Extracted records:
BEGIN

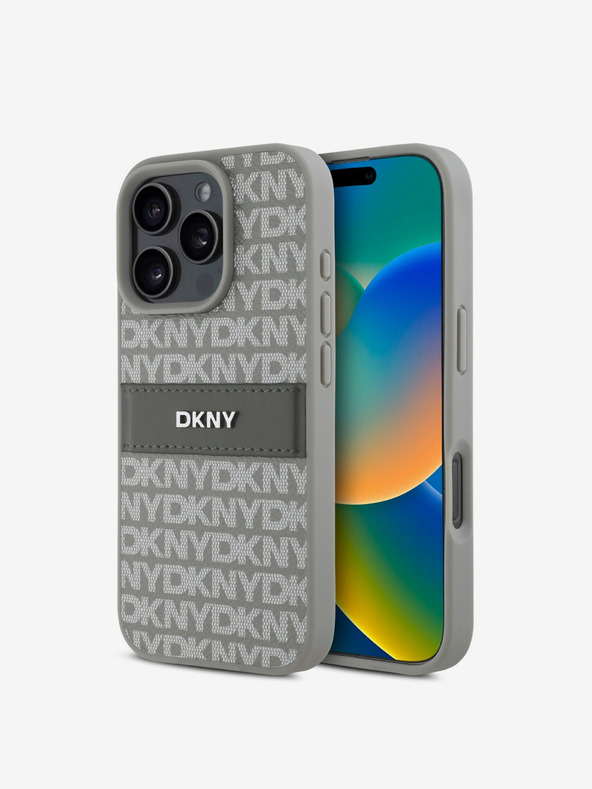 DKNY DKNY PU kožený zadný kryt Repeat Pattern Tonal Stripe pre iPhone 16 Pro béžový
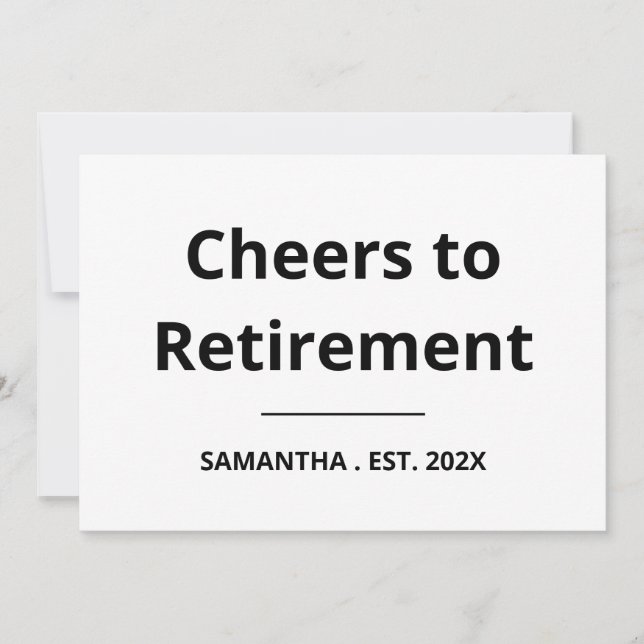 Cheers to Retirement Funny Retirement Card (Front)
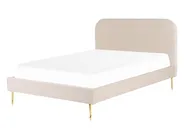 Bett mit Lattenrost Samtstoff FLAYAT 140 x 200 cm Hellbeige_834180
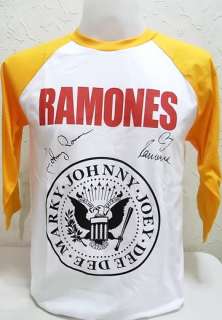 Ramones Punk Rock Nice Cool Men White Yellow Baseball T Shirt, L 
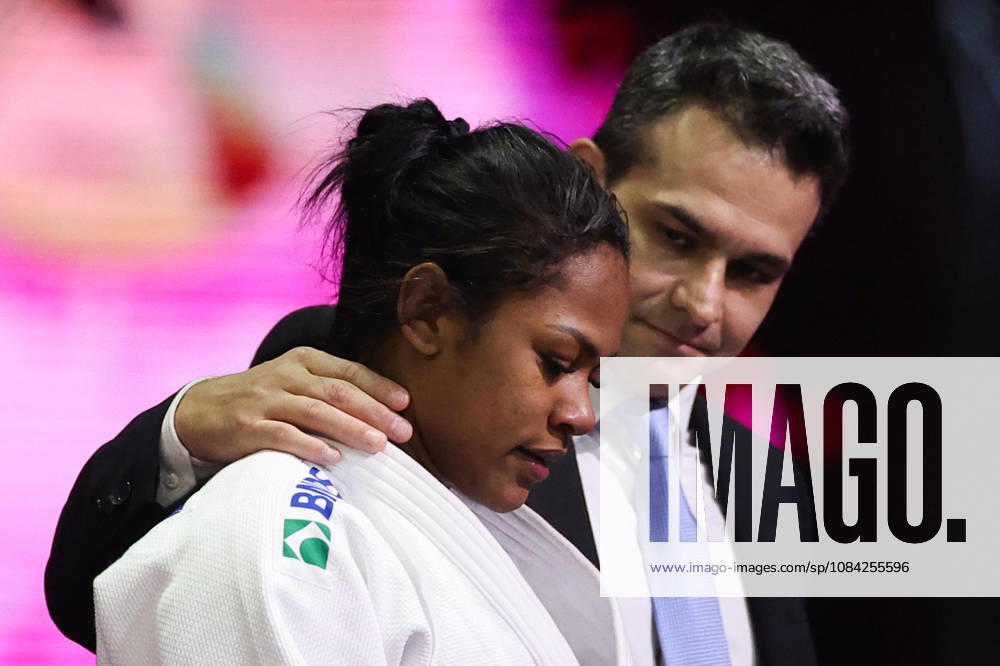AZERBAIJAN, BAKU - OCTOBER 8, 2026: Nauana Silva (L) of Brazil is pictured after a -70 kg bout against Giovanna Scoccimarro of Germany as part of the 2026 World Judo Championships at the National Gymnastics Arena. Mikhail Sinitsyn TASS 98954077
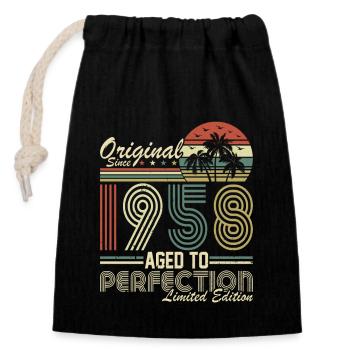 Vintage 1958 Legends Tee - Verschließbarer Geschenkbeutel aus Baumwolle (14x20cm) - Schwarz - Vorne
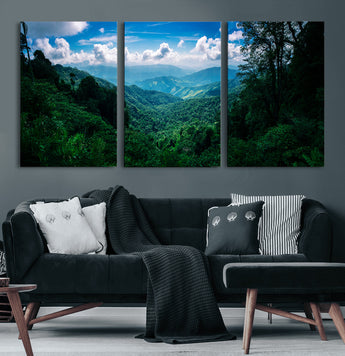 74439378-MGV-CV-60X30-3P-Tropical Jungle Wall Art Canvas Print, Framed Lush Valley Art Picture Print, Forest Mountains Perfect Tropical Wilderness Decor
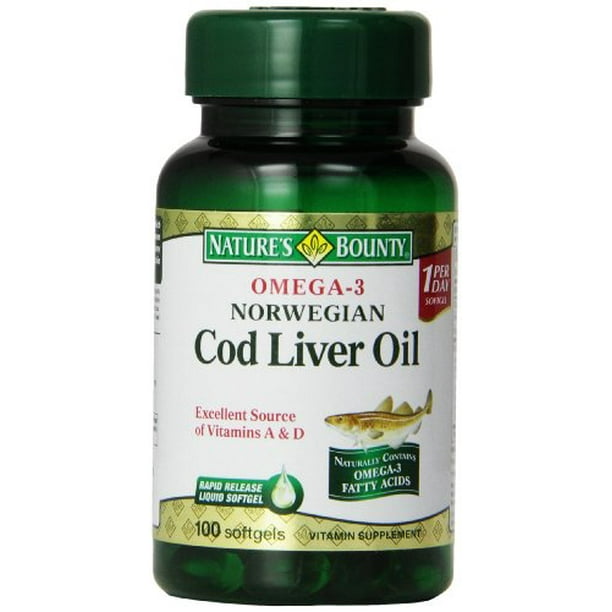 Nature's Bounty Omega3 Norwegian Cod Liver Oil Softgels 100 Soft Gels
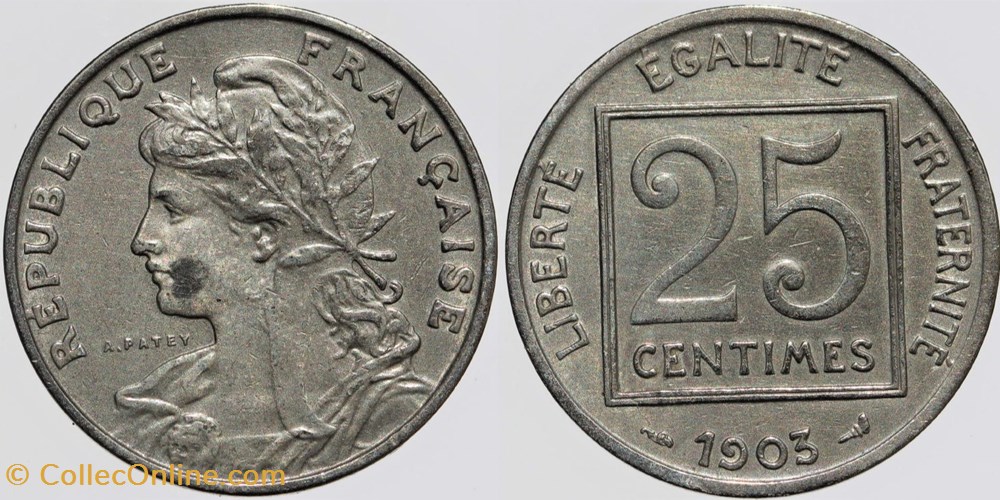 F-168 - Patey - 25 c. - 1903 monnaies monde france f 168 patey 25 c 1903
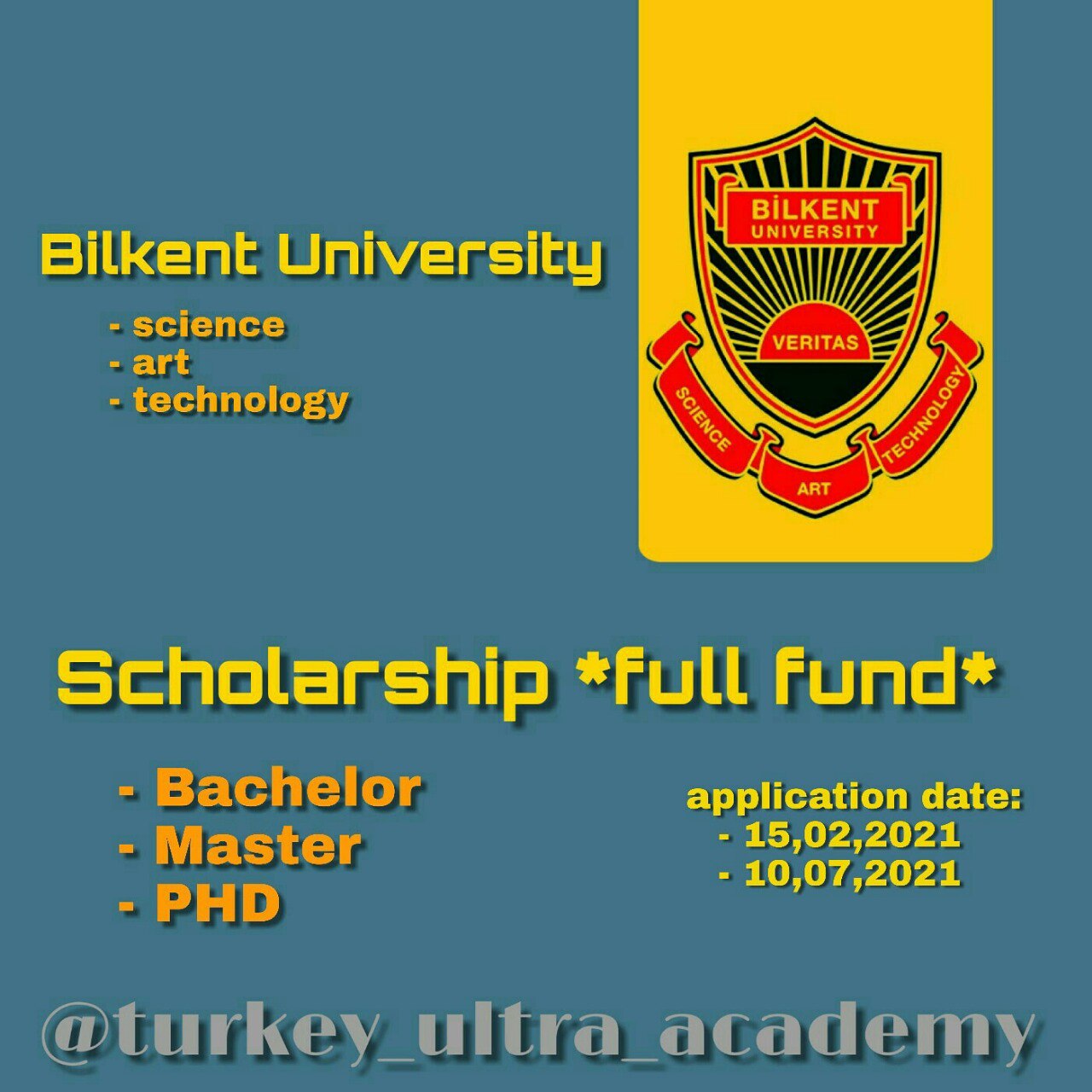 Türkiye Bilkent University full fund scholarship for foreign students in 2021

END

→ TO DO
Your copy should match the records above exactly, apart from the pictures, which stay out.

→ RESULT FOR THIS EXERCISE
 DKNY DKNY PU kožený zadný kryt Repeat Pattern Tonal Stripe pre iPhone 16 Pro béžový
 Cheers to Retirement Funny Retirement Card (Front)
 Bett mit Lattenrost Samtstoff FLAYAT 140 x 200 cm Hellbeige_834180
 Ramones Punk Rock Nice Cool Men White Yellow Baseball T Shirt, L 
AZERBAIJAN, BAKU - OCTOBER 8, 2026: Nauana Silva (L) of Brazil is pictured after a -70 kg bout against Giovanna Scoccimarro of Germany as part of the 2026 World Judo Championships at the National Gymnastics Arena. Mikhail Sinitsyn TASS 98954077
 Vintage 1958 Legends Tee - Verschließbarer Geschenkbeutel aus Baumwolle (14x20cm) - Schwarz - Vorne
 74439378-MGV-CV-60X30-3P-Tropical Jungle Wall Art Canvas Print, Framed Lush Valley Art Picture Print, Forest Mountains Perfect Tropical Wilderness Decor
 Nature's Bounty Omega3 Norwegian Cod Liver Oil Softgels 100 Soft Gels
 F-168 - Patey - 25 c. - 1903 monnaies monde france f 168 patey 25 c 1903
 Türkiye Bilkent University full fund scholarship for foreign students in 2021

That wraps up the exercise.